▸ **YOUR GOAL**
Skip the pictures. Transcribe the rest of the data below without changing a word.

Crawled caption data
────
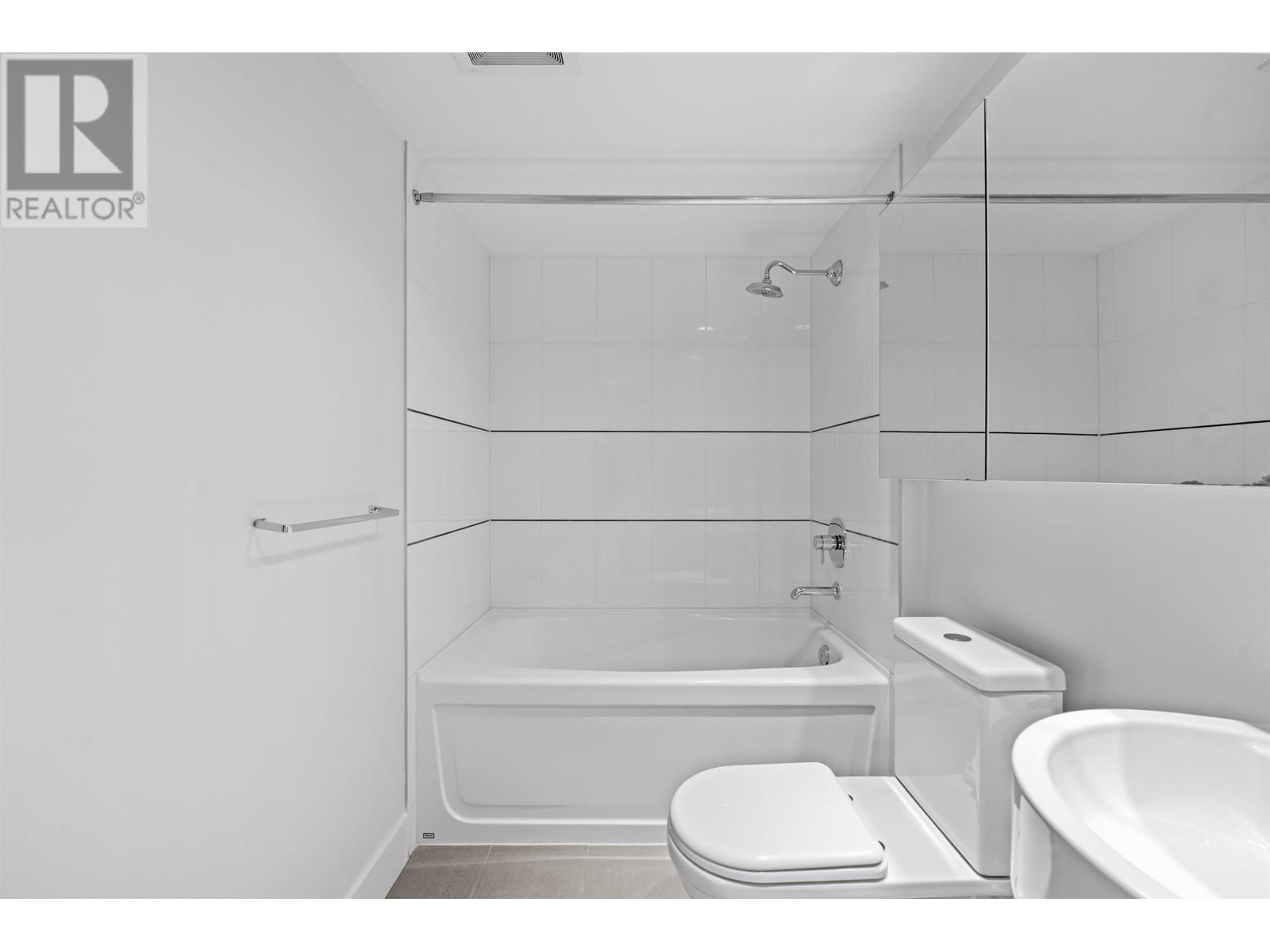 604 565 Smithe Street, Vancouver, British Columbia  V6B 0E4 - Photo 14 - R2968797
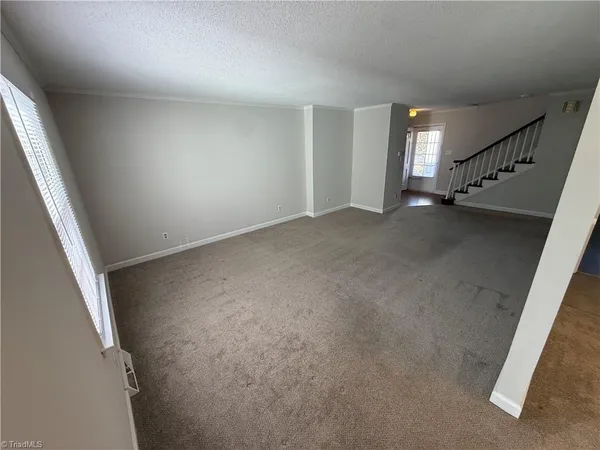 $1,295 | 107 Westgate Circle, Unit C, Winston-Salem, NC 27106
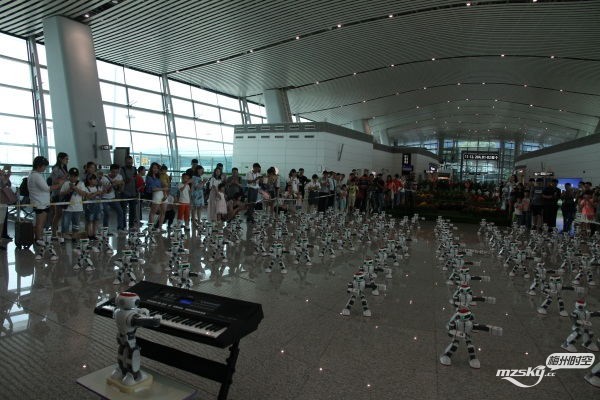 　108台机器人国庆节在揭阳潮汕机场“秀”表演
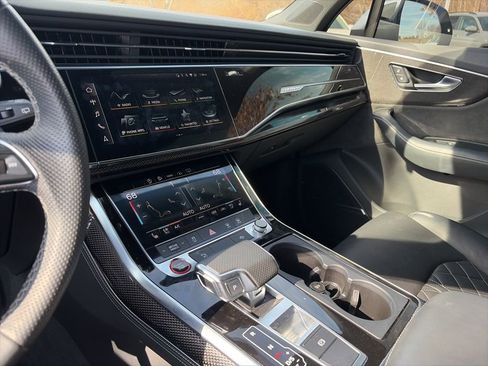 Used 2022 Audi SQ7 Premium Plus image 18
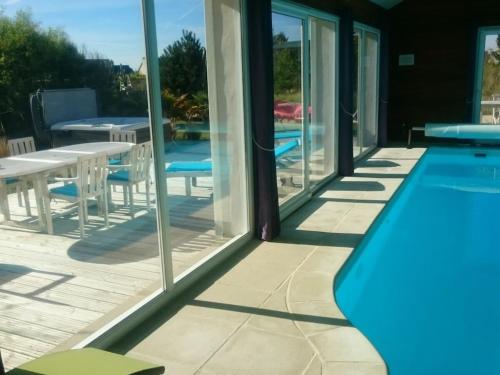 - une piscine avec vue sur une maison dans l'établissement Holiday home Villa des Dune, à Cléder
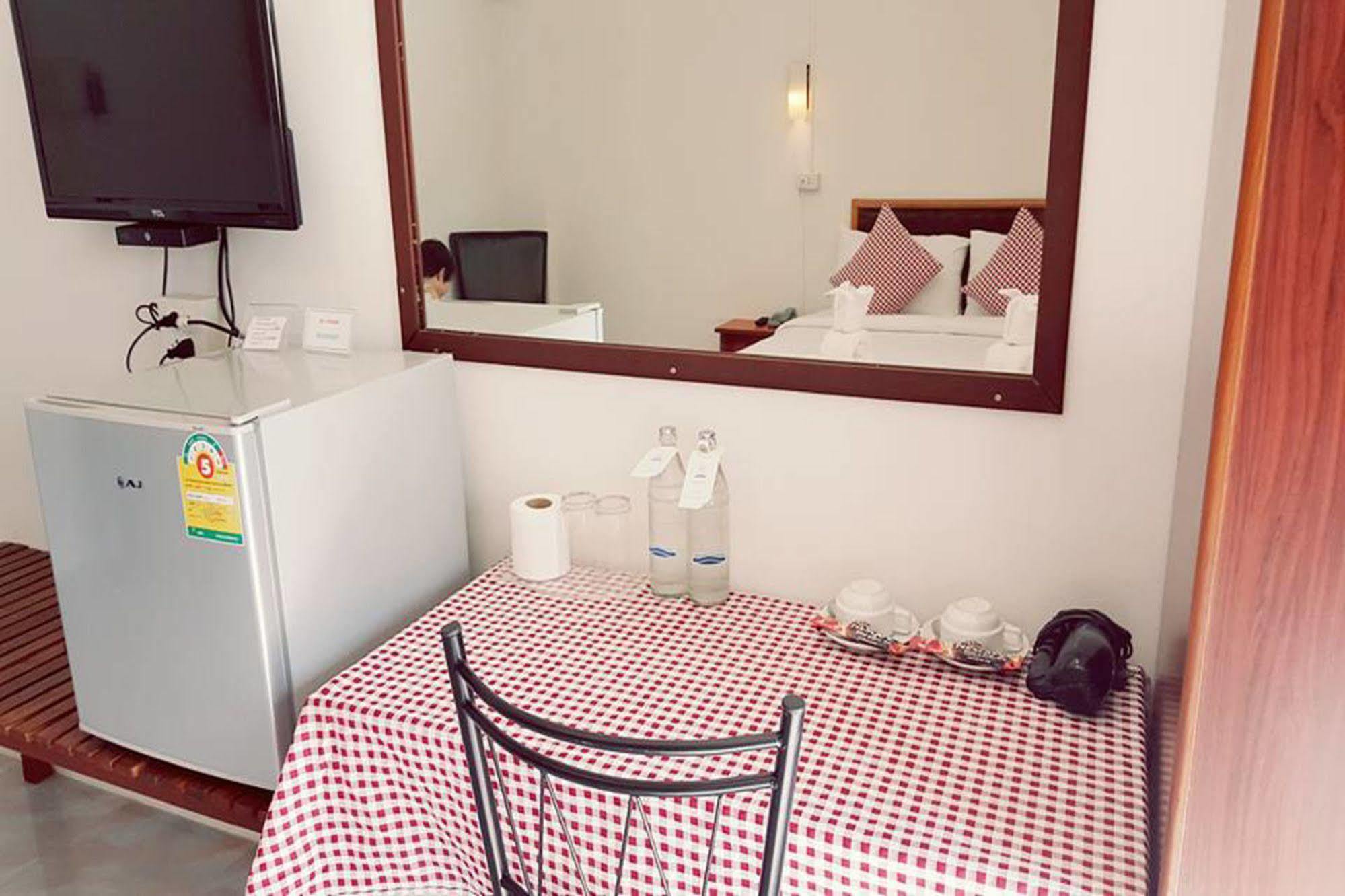 Hotel De Ratt Phuket Kültér fotó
────
▸ **EXERCISE ANSWER**
 604 565 Smithe Street, Vancouver, British Columbia  V6B 0E4 - Photo 14 - R2968797
 $1,295 | 107 Westgate Circle, Unit C, Winston-Salem, NC 27106
 　108台机器人国庆节在揭阳潮汕机场“秀”表演
 Used 2022 Audi SQ7 Premium Plus image 18
 - une piscine avec vue sur une maison dans l'établissement Holiday home Villa des Dune, à Cléder
 Hotel De Ratt Phuket Kültér fotó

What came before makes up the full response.